An dieser Stelle kann sich das Argument des zeitsparenden Einkaufs schnell in den Schwanz beißen. Wenn ich zwar Wein, aber keine Tomaten, Dosensuppen, aber keine frische Milch, Knabberzeug, aber keine frischen Brötchen bestellen kann, erspart mir auch Prime Now nicht den Weg zum Gemüsehändler, Bäcker und/oder Supermarkt. Ganz abgesehen davon, dass sich nicht nur das Angebot an Wein und Sekt so gut wie ausnahmslos im niedrigen Preissegment bewegt und damit bestimmte Kundengruppen überhaupt nicht anspricht. Doch hier wird Prime Now sicherlich schnell nachjustieren und ein Angebot zusammenstellen, das dem Bedürfnis möglichst vieler Kunden entspricht. Dabei helfen die Sucheingaben der Kunden, die ein Algorithmus genauestens analysiert. Außerdem wird man die regionalen Besonderheiten des Berliner Marktes genau in Augenschein nehmen und sich nicht nur auf die Erfahrungen in anderen Städten verlassen. Kundenbesuche sind bei Prime Now jedoch nicht erwünscht. Sie würden nur die eng getakteten Auslieferungsprozesse stören.

Bücher per Prime Now

Das Angebot an Büchern ist bescheiden, die App verzeichnet derzeit keine 500 Titel. Ein buntes Sammelsurium aus Amazon-Beststellern, Kinderbüchern, Sprachlehrwerken, Kochbüchern, Ratgebern, juristischen Texten … Auch hier, so Stephan Eichenseher, habe der Amazon-Algorithmus Pate gestanden. Mit knapp über 100 DVDs und Videogames ist auch dieses Angebot überschaubar – jedenfalls noch. Im Vergleich zu den Waren des täglichen Bedarfs spielen bei Prime Now Unterhaltung und Bildung offenbar eine untergeordnete Rolle. Das könnte sich selbstverständlich ändern, doch die Erfahrungen an anderen Standorten scheinen dagegen zu sprechen.

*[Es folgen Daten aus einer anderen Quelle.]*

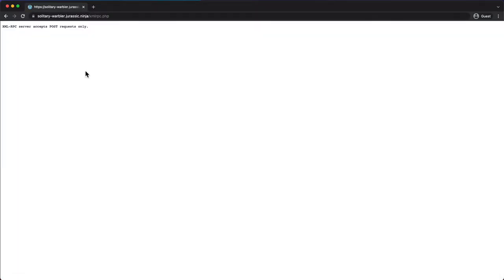You should see a single line of text that reads, xml-rpc server accepts post requests only. If you see anything else there, or the file doesn't load or gets an error, please get in touch with your hosting provider so they can help you get that file working again.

Für den stationären Buchhandel ist der neue Service von Amazon derzeit also von geringer Relevanz. Und es sieht nicht so aus, als würde sich daran grundsätzlich etwas ändern. Denn dazu müsste Amazon die Fläche seines Prime Now-Service erheblich vergrößern. Und daran ist angesichts der innerstädtischen Mietpreise wohl kaum zu denken. Die erhebliche Beschleunigung der Zustellung und die Wahlmöglichkeit der Zustellzeit setzen jedoch andere Branchen des Einzelhandels unter Druck. Und verändern die Erwartungshaltung der Kunden an den gesamten Handel. Das sollte man im Auge behalten.